Sykes: Between what we need urgently to focus on, but also acknowledging that this thing is real [whatever "this" is] and I... and I think it's a problem for some of our more progressive listeners and readers that sometimes they pretend as if it doesn't even exist. So we don't even talk about it.
Except you and your Never Trump friends talk about it incessantly.
Well OK, Charlie, I have an easy way for you to find out what Liberals really think. Instead of limiting your interactions with icky Liberals to a cage-raised, milk-fed, Bulwark-housebroken "I agree with everything you have to say, Charlie" 'liberal' like Will Saletan...go toe-to-toe with Digby.
I dare you.
Or my wife.
Have some of those "more progressive" people over for a live, on-the-air chat or two. I guarantee you it would be...lively.
Mona Charen: Oh yes! Members of my family, actually, even, um, y'know, argue that it's waaay exaggerated and it's not really an issue. And there are a number of ways you can track that it is an issue. One of them is, when you look at polling, y'know, of young people, and, well, Americans in general, but even of college students and others, who say, "How often do you self-censor because you're afraid that you can't say what you think without fear of retribution?" and it's very, very high.
She goes on to explain that a group called "people" feel "stifled" because of a regime of "rigid censoriousness" that we Liberal ruthlessly enforce using our mighty Liberal thought-control powers.
Which is fucking hilarious: believe me, I try to conjure our mighty Liberal thought-control powers every day, and I have yet to notice anyone at The Bulwark or The New York Times or The Atlantic hesitating to share their ridiculous opinions far and wide.
I think a big part of the problem is that elite media bubble creatures like Mona Charen have no clue that people out here in the Real World self-censor all the time for all kinds of reasons that have nothing to do with our mighty Liberal thought-control powers.
Trust me, I'm self-censoring like a mother right now.
I was tossed in Twitter jail four times over nothing, and Twitter-banned for life over less-than-nothing. When I went back to school as an adult and found myself in classes where I was smarter and more accomplished than the fragile, suspicious manchild who was teaching a course in research, damn betcha I kept (most) of my opinions about his qualifications to myself.
You know who else self-censors out here in the real world?
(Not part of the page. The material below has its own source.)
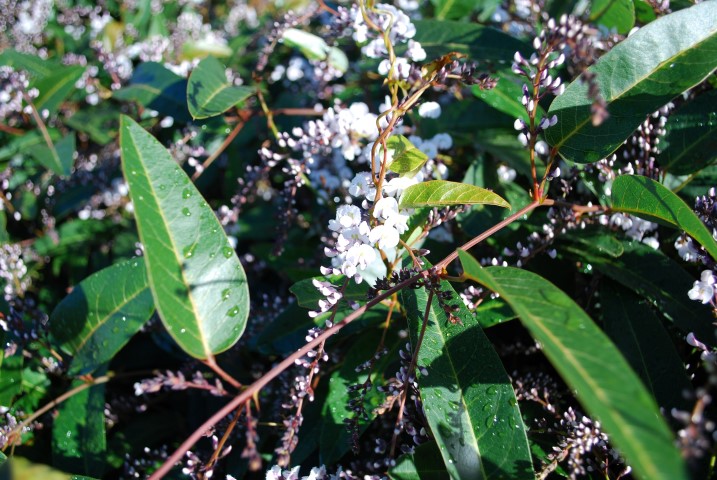 Hardenbergia violacea - FREE N EASY - Native Sarsparilla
Anyone with a job with an shitty boss, who wants to keep that job. Anyone who goes to church and doesn't get up and shout "This is all bullshit!" when the pastor dips into Leviticus, even though they know it's Bronze Age theocratic garbage. And Liberals, living in Trump country -- out here where there's racist wingnut sewage vomiting out of the radios 24/7, and the assholes are rage-drunk and armed to the teeth.
You know who doesn't self-censor out here in the real world?
The racist troglodyte at the end of the bar who will begin loudly sharing his rustic views on "the coloreds" after a couple of beers.
Also those aforementioned assholes out here in Trump country, two-count-'em-two of which I clocked at the hardware store yesterday, each proudly wearing a different "Trump 2024" cap, and staring daggers at everyone in the store, practically daring someone to start something.
Also the occasional customers at my stepson's cashier job who feel the need to spontaneously share with everyone in line whatever it was they sopped up on Fox last night.
I can personally attest to these examples and a hundred more because, like the Scarlet Pimpernel, by day I can move among them without causing their "Obummer-loving libtard" alarms to go off. I look like them. I'm a bald white guy with a beard and a ball cap. I wear Carhartt flannels and jeans. And to get along out here in the real world I self-censor every day, even if it's just taking care not to break out any big vocabulary words when I'm out and about, because that's a "tell".
As I wrote earlier today...and have, in a sense, been writing for the past 18 years:
So...with six of the seven True Conservative horcruxes stripped away and destroyed either by the indifference of the GOP base or by the catastrophes created by True Conservatives actually getting their dearest wishes granted, what, at last, is left to sustain the rapidly disintegrating True Conservative soul?
Just two things. Their hardwired sense of moral superiority/contempt for dirty Liberals like you and me. And, of course, the all-powerful, all-occasion conjure words that keep this last, mingy fragment of their soul from turning to ash: Both Sides Do It...
Except, of course...
Thursday, April 20, 2023
Listen My Children and You Shall Hear...
Your mission, should you choose to accept it, is to listen to a just couple of minutes of conversation between two paid MSNBC contributors who are all over that cable news outlet every single day like a rash.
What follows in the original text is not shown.